Bütün insanların yanında ve de özellikle küreselleşmenin mimarı olan kıta Avrupası ve Kuzey Amerika’da var olmanın, itibar görmenin para, makam ve güce dayanması; faziletli ve fakat fakir olanın itibarsız olması meselenin felsefi ve ahlaki açıdan nasıl tefessüh ettiğini görmemiz için fevkalade önemli bir göstergedir.
Yukarıda sayılan meselelerin/sorunların çözümünde pek çok etken söz konusudur elbette. Ancak bizim konumuz öğretmen olduğu için meseleye bu açıdan bakıp birkaç kelam etmenin gerekli olduğunu düşünüyoruz.
Konfüçyüs’e (Confucius, Kong Fuzi) “yıkılmakta olan devleti düzeltmek için işe nerden başlarsın” diye sormuşlar. O da “isimleri düzelterek” diye cevap vermiş. Bu bağlamdan hareketle bir ülkenin durumunu düzeltmek veya güzelleştirmek istersek öğretmen kimdir sorusunun cevabını öğretmen isminden hareketle anlamaya ve anlatmaya çalışmak isabetli bir başlangıç olabilir.

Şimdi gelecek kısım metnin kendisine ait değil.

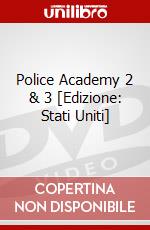 Police Academy 2 & 3 [Edizione: Stati Uniti] dvd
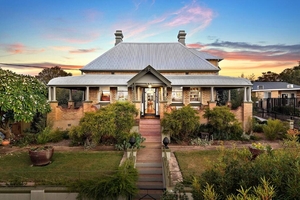 Restored 1880s landmark 'Torquay' returns to market in East Maitland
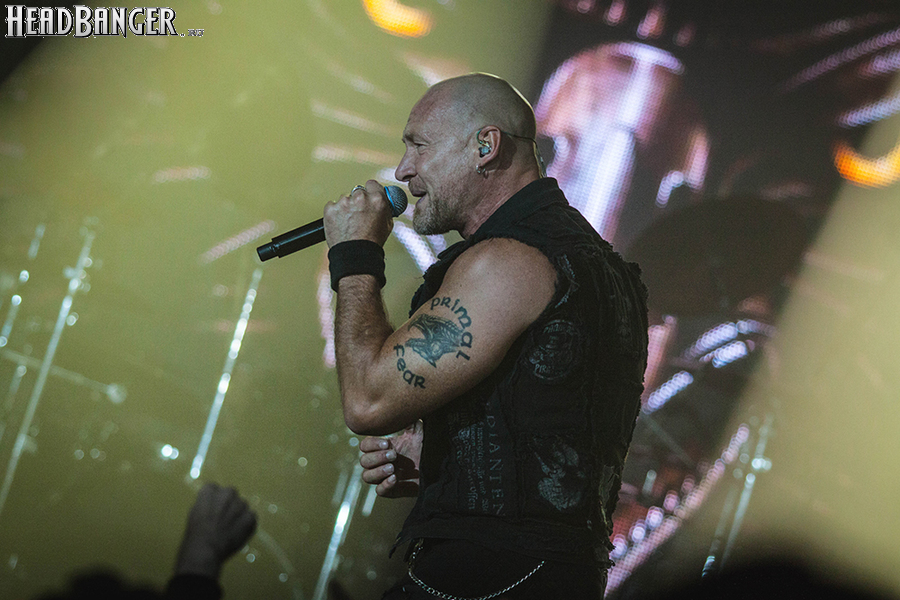 Singer ru. Primal Fear вокалист. Ральф Шиперс. Ральф Шиперс фото.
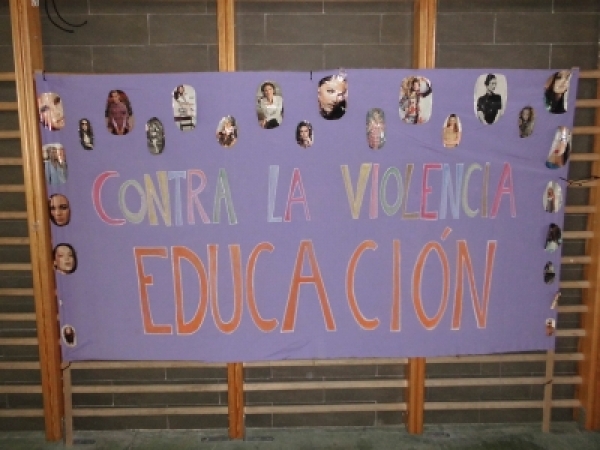 Día Internacional de la Eliminación de la Violencia contra la Mujer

Öğretmen kelimesini köken itibari ile inceleyecek olursak bin yıldan daha fazla bir zaman önce kullanılan ve “ök/öğ” kökünden türediğini görürüz. Ök/öğ kelimesi akıl, zihin, zekâ, vicdan, merhamet, koruyan, kollayan, yol gösteren ve şaşırmayan akıl anlamlarındadır. Bu durumda öğretmen de akıllı, zeki, vicdanlı, merhametli, koruyup kollayan, ve şaşırmayan akıl sahibi meslek erbabı anlamındadır. Nitekim günümüzde “ök” kelimesinden türemiş ve hâlâ kullanılan öksüz kelimesi de , aklı, zekası, vicdanı, merhamet edeni, koruyup kollayanı kalmamış insan anlamında annesi ölmüşler için çok isabetli bir şekilde kullanılmaktadır.
Öğretmenlerin isminin anlamına göre görev yapabilmesi için, buna göre donanımlı olmaları, böyle yetişmeleri gerekir. Bunun içinde evvela hedef, amaç ve ideallerini bilmeleri ve sonra da görev yetki ve sorumluluklarının farkında olmaları gerekir.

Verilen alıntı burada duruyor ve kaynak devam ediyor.